Hello,
I'm testing a few regression algorithms to map ndarrays of eigenvalues to
floats, using StratifieldKFolds + GridSearchCV for cross-validation &
hyperparameter estimation using some code borrowed from [1]. Although
GridSearchCV appears to be working as advertised (i.e. the
"best_estimator_" is much better than the baseline), it's giving a negative
"mean_score" for both the "mean_squared_error" metric and with my
manually-implemented RMS error function. Code & sample datasets are at [2].
Here's a trimmed sample output:
~/a/a/g/test ❯❯❯ python regression.py
...
Tuning hyper-parameters for mean_squared_error
Best parameters set found on development set:
SVR(C=100.0, cache_size=200, coef0=0.0, degree=3, epsilon=0.1, gamma=0.0,
kernel=rbf, max_iter=-1, probability=False, random_state=None,
shrinking=True, tol=0.001, verbose=False)

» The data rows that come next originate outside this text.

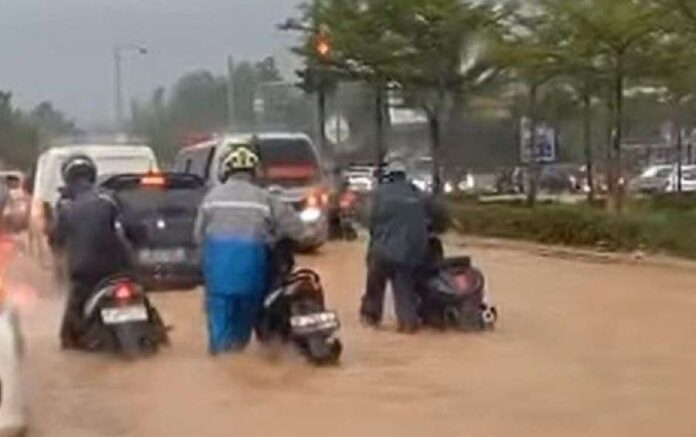 Hujan Deras Guyur Batam, Banjir Lumpuhkan Lalu Lintas di Sejumlah Titik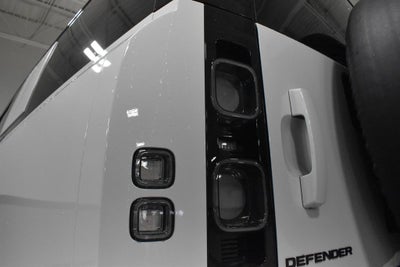 2025 Land Rover Defender 130 V8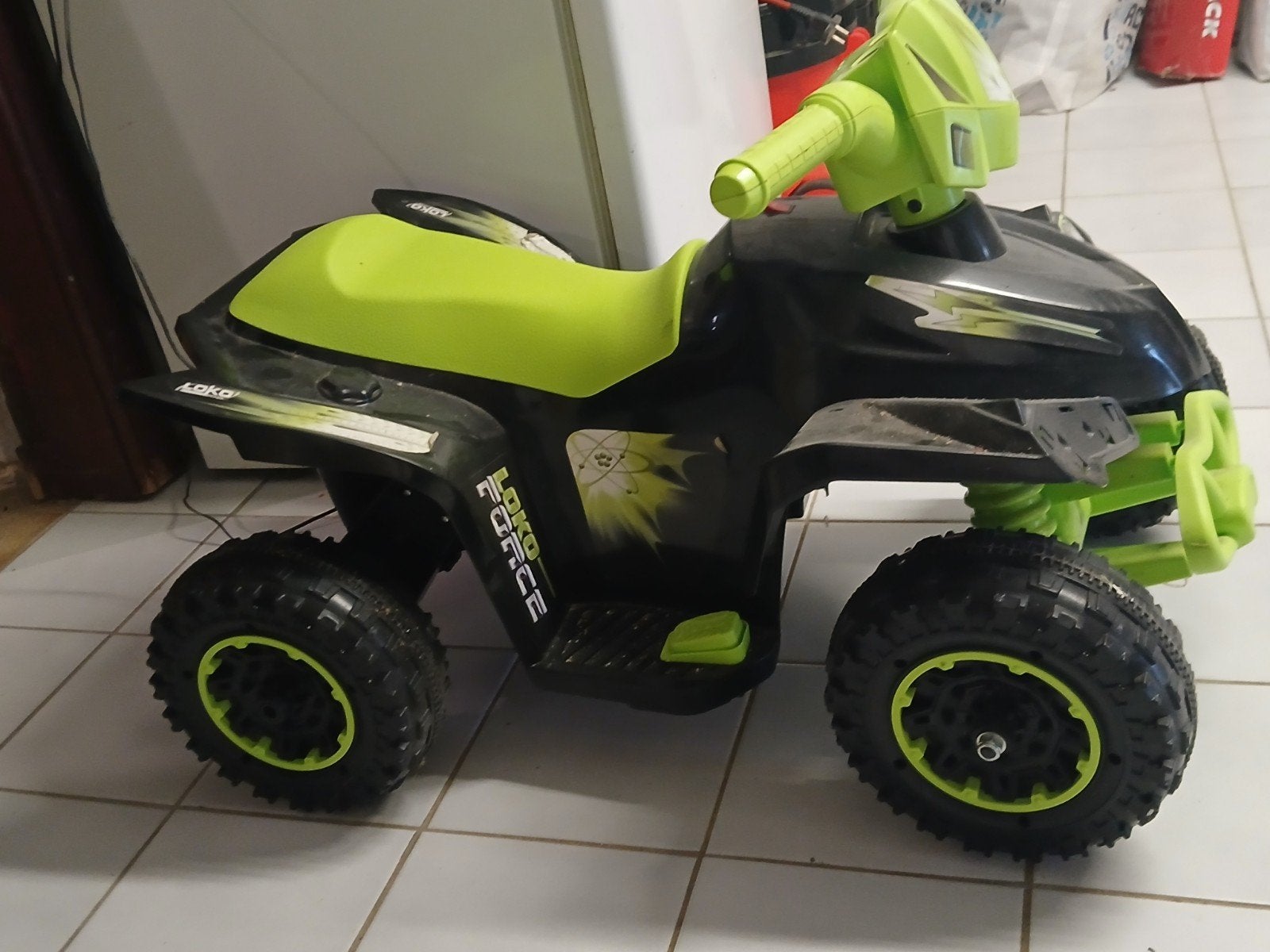 moto bébé  avec chargeur, Enfants & Bébés, Comme neuf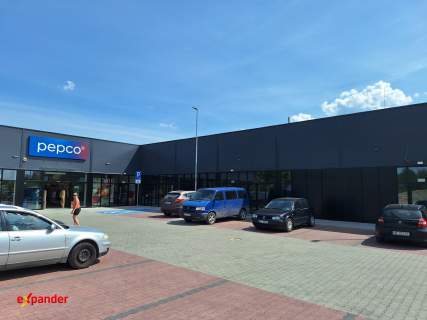 Komercyjny obiekt handlowy - park handlowy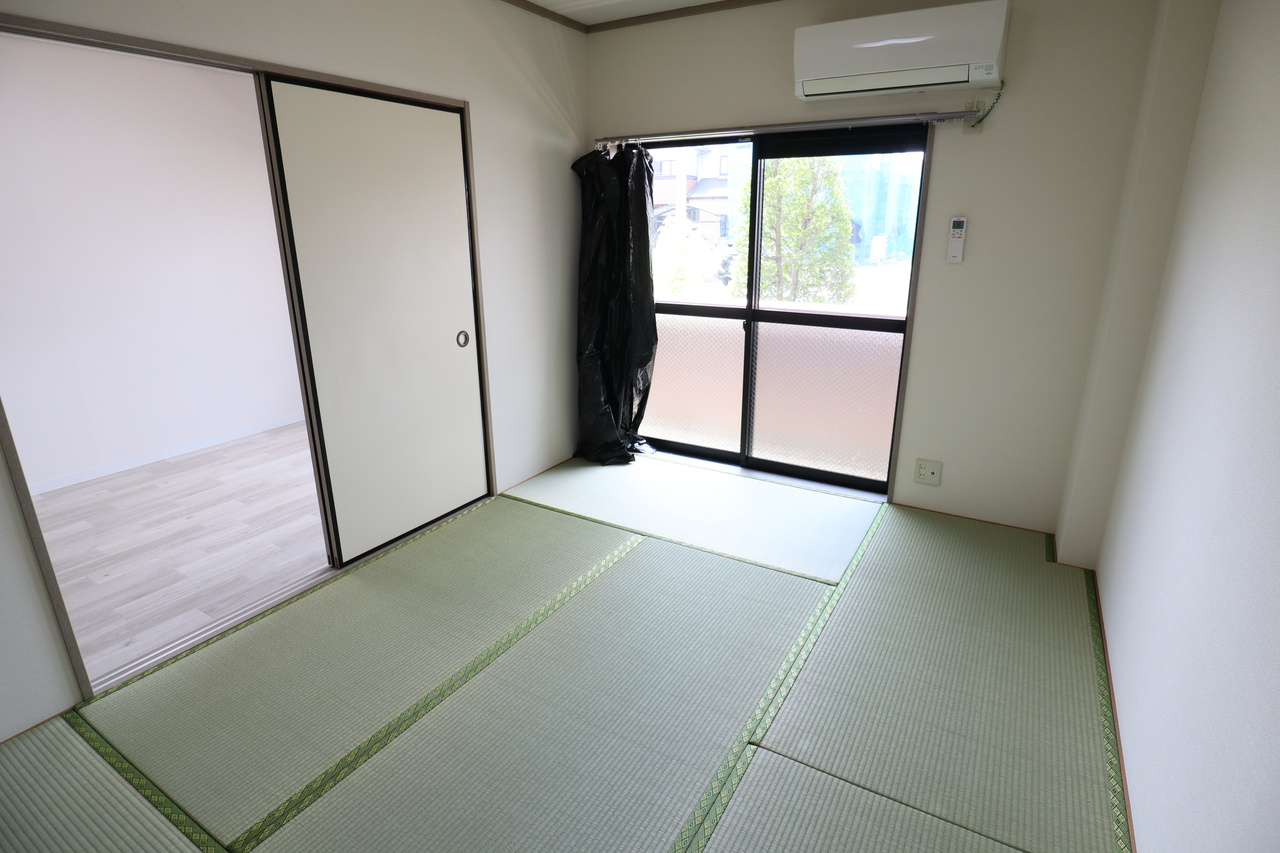 シャンクレール壱番館の和室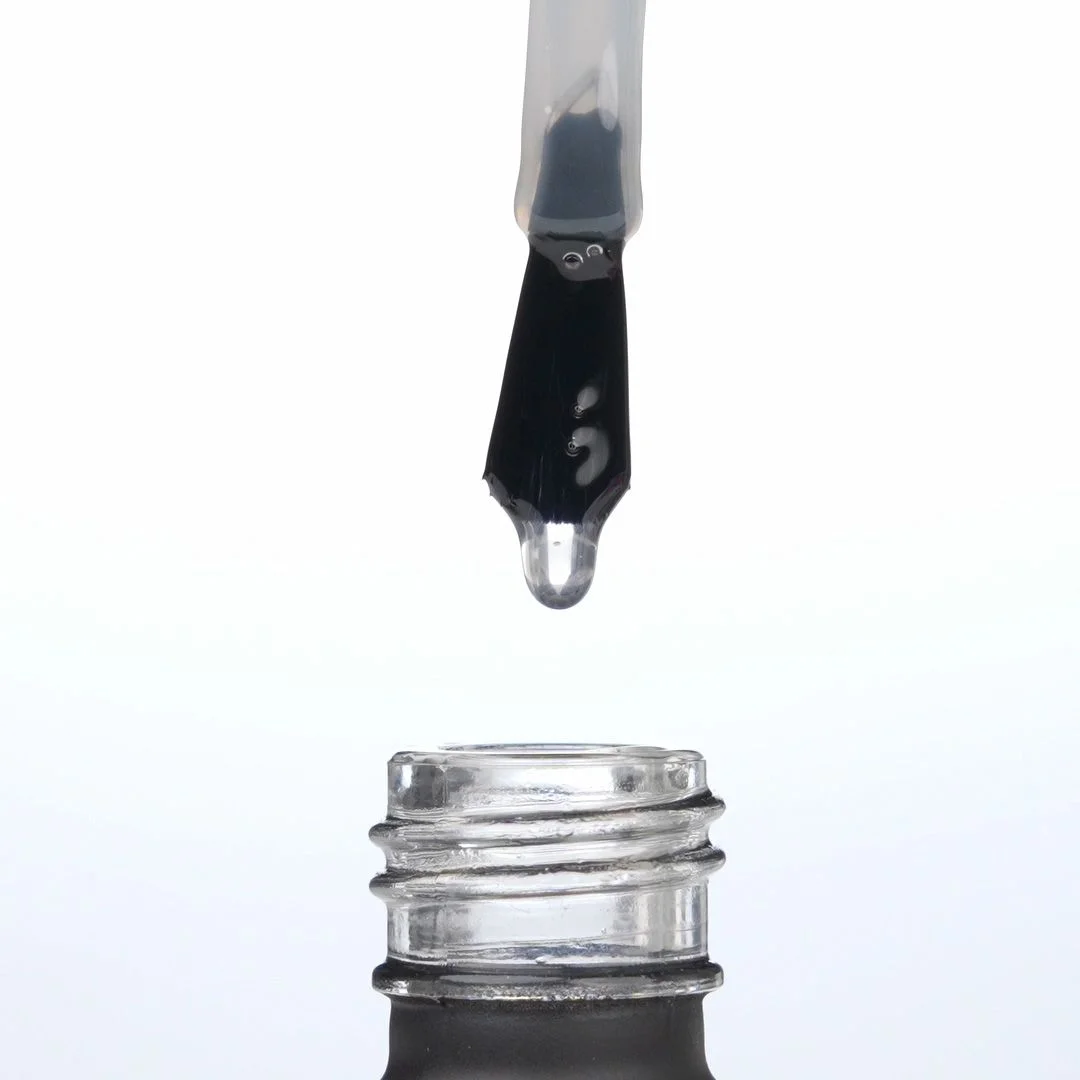 Aplicarea Master Gloss High Viscosity 15 ml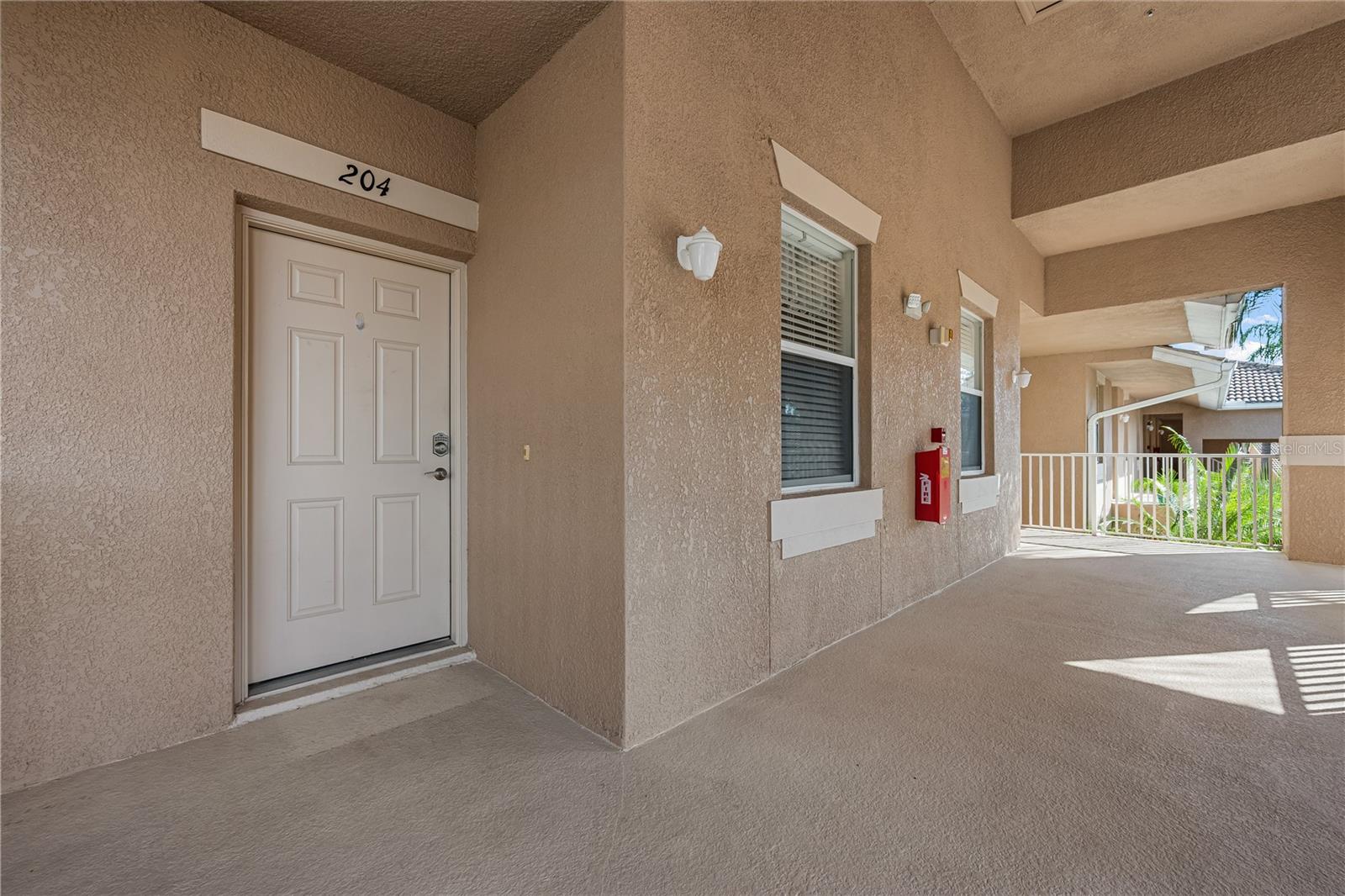 915 FAIRWAYCOVE LN #204 — photo 35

Grid scores on development set:
...
-122.503 (+/-21.396) for {'epsilon': 0.01, 'C': 0.001, 'kernel': 'rbf'}
-122.503 (+/-21.396) for {'epsilon': 0.10000000000000001, 'C': 0.001,
'kernel': 'rbf'}
...
RMSE: 0.100012
MAE: 0.100012
RMSE: 0.099933
MAE: 0.099933
...
Currently I'm testing both 0.14.1 and Mathieu Blondel's "kernel_ridge"
branch with python 2.7.5 on arch linux. The above phenomenon happens with
both versions for SVR and (naturally) in the dev branch for KernelRidge. As
you can see, the exact same custom metric applied manually (lines 117-122)
gives appropriate, positive errors, whereas the one printed in lines
113-114 does not.
Why are these numbers negative? Am I missing something obvious here? I'm a
bit concerned about trusting these estimators (or rather, their optimality)
because of this oddity. A quick google search only came up with similar
"problems" with r2 (which aren't really problems, since r2 can be negative,
unlike "mean_squared_error").
Thanks!
[1] - http://scikit-learn.org/dev/_downloads/grid_search_digits.py
[2] - https://gist.github.com/anonymous/1af53a1da1357a6a97c3 (sorry for the
mangled code -- it's gone through a botched anonymization procedure)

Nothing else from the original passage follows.